# Discovering Important Words for Sentiments With NormLIME

This notebook loads the pretrained Bi-LSTM model following [PaddleNLP TextClassification](https://github.com/PaddlePaddle/models/tree/release/2.0-beta/PaddleNLP/examples/text_classification/rnn) and performs sentiment analysis on reviews data. The full official PaddlePaddle sentiment classification tutorial can be found [here](https://github.com/PaddlePaddle/models/tree/release/2.0-beta/PaddleNLP/examples/text_classification). 
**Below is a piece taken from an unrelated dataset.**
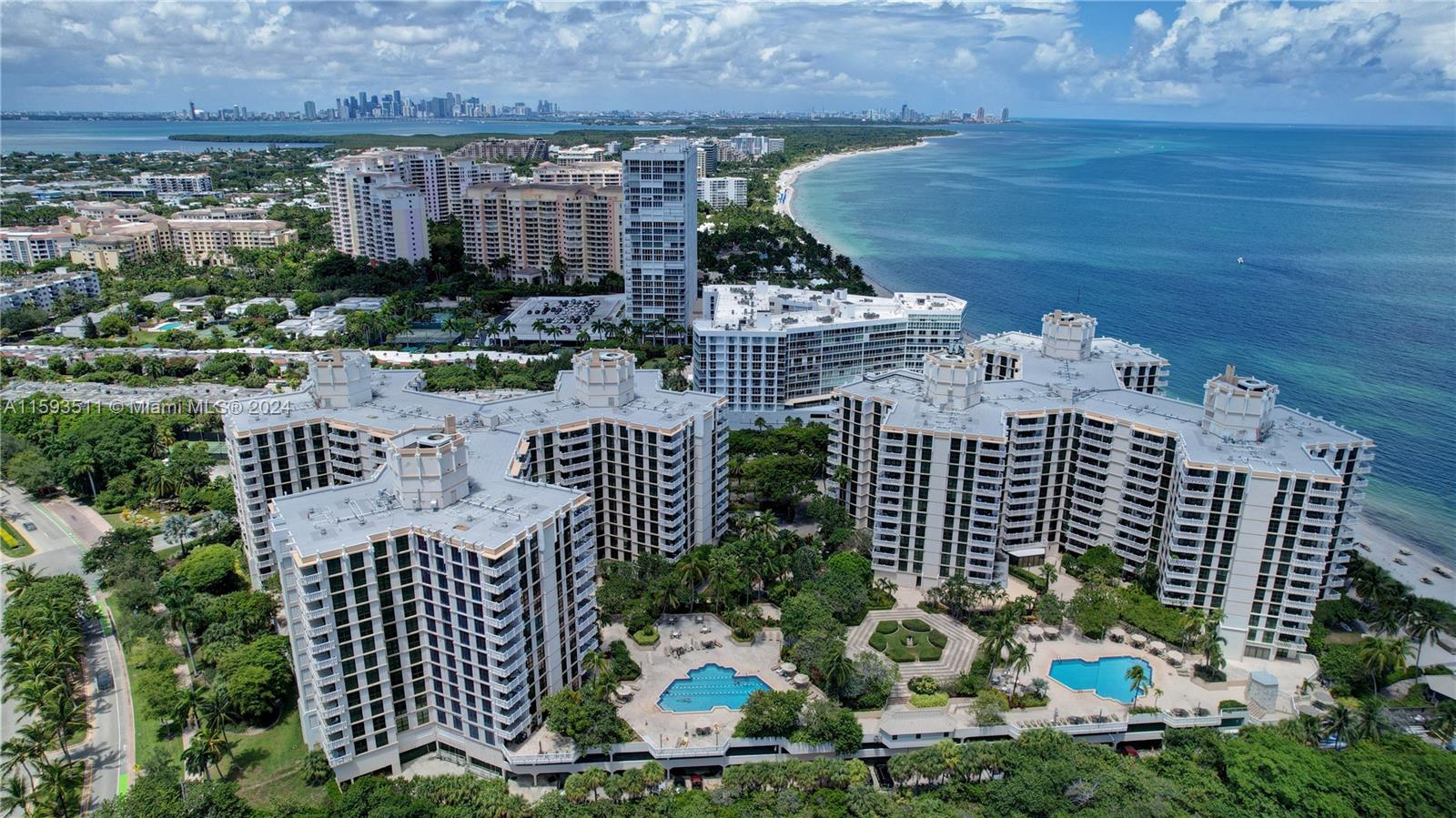 1121 Crandon Blvd D1201 Property Photo 1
NormLIME method aggregates local models into global and class-specific interpretations. It is effective at recognizing important features. In this notebook, we use NormLIME method, specifically `NormLIMENLPInterpreter`, to discover the words that contribute the most to positive and negative sentiment predictions.

In [1]:
import paddle
import numpy as np
import interpretdl as it
import jieba

In [2]:
import warnings 
warnings.filterwarnings("ignore")

Load the word dict and specify the pretrained model path. Define the `unk_id` to be the word id for *\[UNK\]* token. Other possible choices include empty token *\"\"* and *\[PAD\]* token.
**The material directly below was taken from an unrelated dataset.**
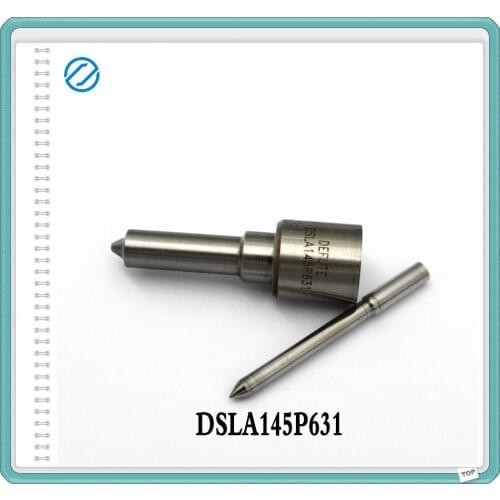 4/lot pcs injector nozzle DSLA145p631 0433175121 0 433 175 121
To obtain the pretrained weights, please train a bilstm model following the [tutorial](https://github.com/PaddlePaddle/models/tree/release/2.0-beta/PaddleNLP/examples/text_classification/rnn) and specify the final `.pdparams` file position in `PARAMS_PATH` below.

In [3]:
def load_vocab(vocab_file):
    """Loads a vocabulary file into a dictionary."""
    vocab = {}
    with open(vocab_file, "r", encoding="utf-8") as reader:
        tokens = reader.readlines()
    for index, token in enumerate(tokens):
        token = token.rstrip("\n").split("\t")[0]
        vocab[token] = index
    return vocab

PARAMS_PATH = "assets/final.pdparams"
VOCAB_PATH = "assets/senta_word_dict.txt"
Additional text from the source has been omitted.